Both investigational therapies rely on an alpha-v beta-6 integrin-targeted delivery platform engineered to transport siRNA into cells and enable penetration into muscle tissue. According to the company, this delivery approach is intended to confront the delivery and safety challenges that have affected other RNA-targeted strategies for rare genetic diseases driven by overexpression of mutant proteins or toxic mRNA.
Louise Rodino-Klapac, President of Research & Development and Technical Operations, said the early clinical results showed high levels of siRNA delivery to muscle, with no saturation of muscle siRNA uptake or dose-limiting safety signals to date.
Sarepta indicated it will host an investor call on March 25, 2026 at 8:30 a.m. Eastern time to discuss the data.

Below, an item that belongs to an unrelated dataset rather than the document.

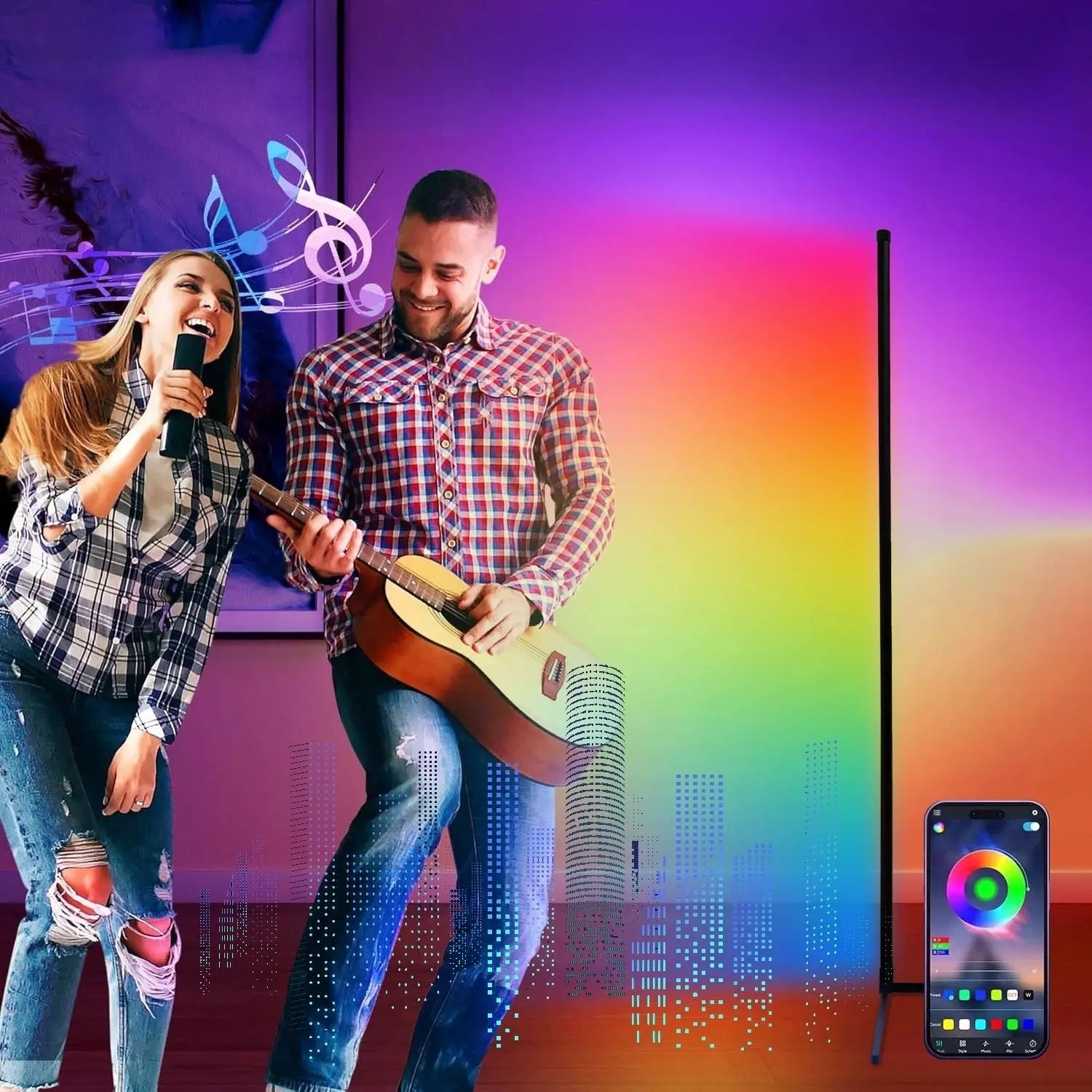 Smart RGB Floor Lamp with Music Synchronization and App Control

The company’s announcement links translational pharmacology observations - muscle exposure and biomarker responses - with an early clinical safety readout. Because these are ascending dose Phase 1/2 studies, the results are initial and focused on demonstrating delivery, biological effect, and short-term tolerability rather than long-term efficacy.
Market context
The stock reaction reflects investor interest in early clinical evidence that an siRNA delivery strategy can reach muscle tissue and produce measurable biological changes after a single dose. Market participants often weigh such early proof-of-concept data against the remaining development milestones that will be necessary to establish therapeutic benefit and long-term safety.